You missed the case where d1 == d3 and d2 is different.
@leekaiinthesky Sorry about that!
3

I might use collections.Counter for this.

A Counter is a dict subclass that counts objects. In the resulting dictionary, the keys are the objects being counted while the values are the number of times those objects appear.

We can create a count of dice rolls by passing a list of the results of random.randint() to Counter's constructor, like so:

Counter(random.randint(1,6) for _ in range(3)) # 3 6-sided rolls

In addition to accessing the counts via dict's [] operator, we can also access them via Counter.most_common(), which returns a list containing all of the rolls and their associated counts.

In our program, rolls[0] is the most common roll and its count, rolls[0][0] is the value of the roll, rolls[0][1] is the number of times it was rolled. Similarly, rolls[1][0] is the second-most common value.

import random
from collections import Counter

rolls = Counter(random.randint(1,6) for _ in range(3)).most_common()

if len(rolls) == 1:
    score = rolls[0][0] * 3
elif len(rolls) == 2:
    score = rolls[0][0] * 2 - rolls[1][0]
else:
    score = 0

print (rolls, score)

You haven't specified what the correct score is when there are no matches.
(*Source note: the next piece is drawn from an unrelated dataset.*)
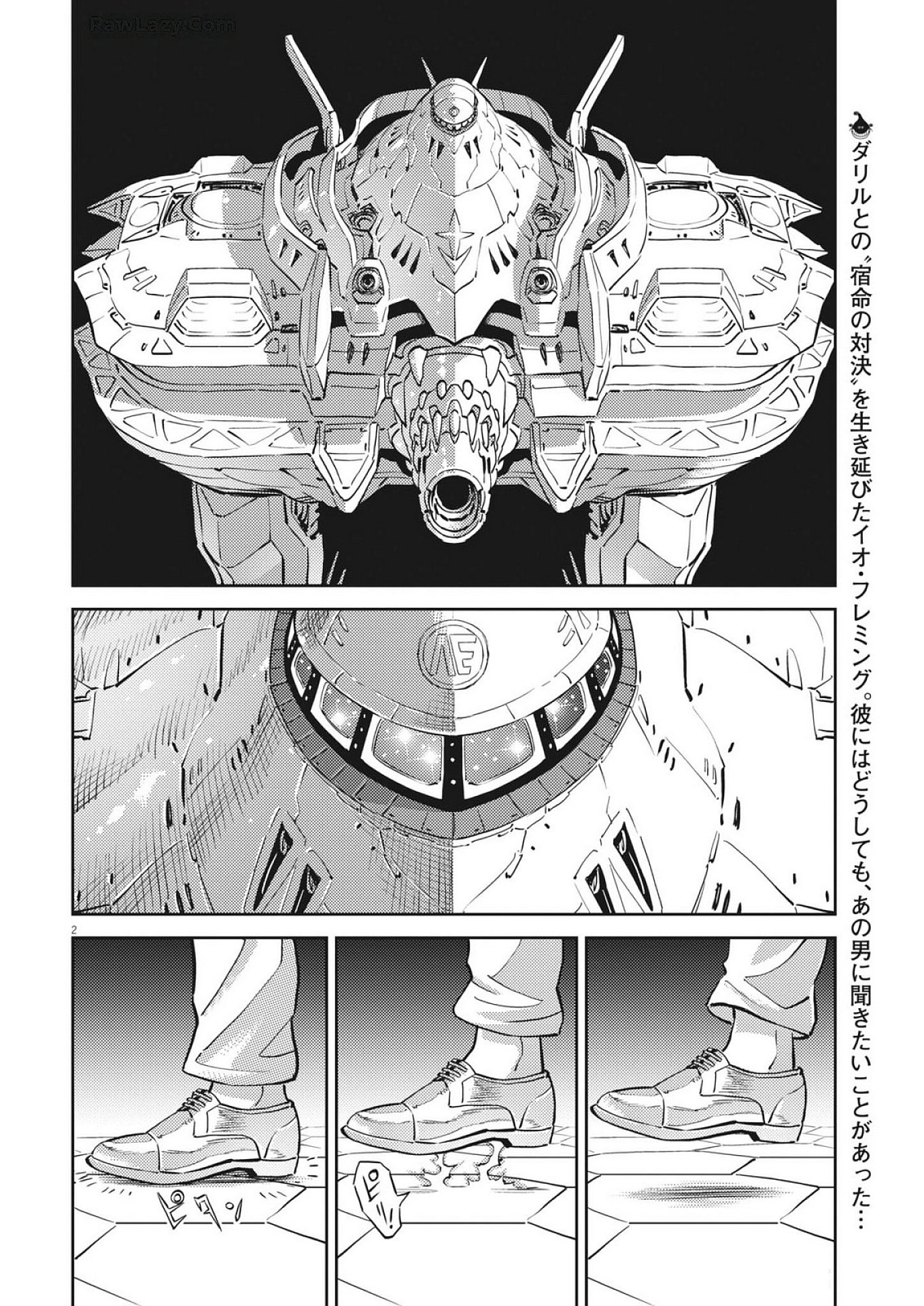 Kidou Senshi Gundam Thunderbolt Chapter 227 2ページ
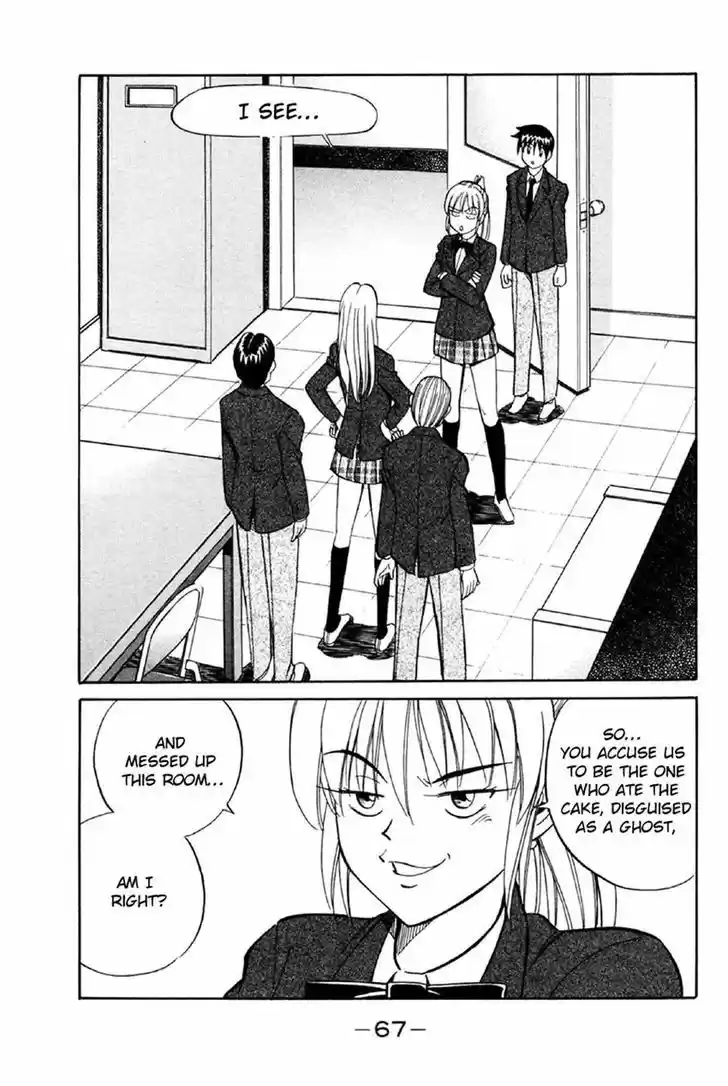 Q.E.D. - Shoumei Shuuryou 34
The above algorithm gives a score of 0 if there are no matches.

Here is another algorithm which scores the negative sum of all the dice if there are no matches. In essence, it adds up all of the matching dice and subtracts each singleton die. This gives the answer you request for each of the cases you describe but punishes non-matching rolls more severely. Notice how this version generalizes easily to different numbers of dice and different numbers of sides.

import random
from collections import Counter

rolls = Counter(random.randint(1, 6) for _ in range(3)).most_common()

score = sum(roll[0] * (-1 if roll[1]==1 else 1) * roll[1] for roll in rolls)

print(rolls, score)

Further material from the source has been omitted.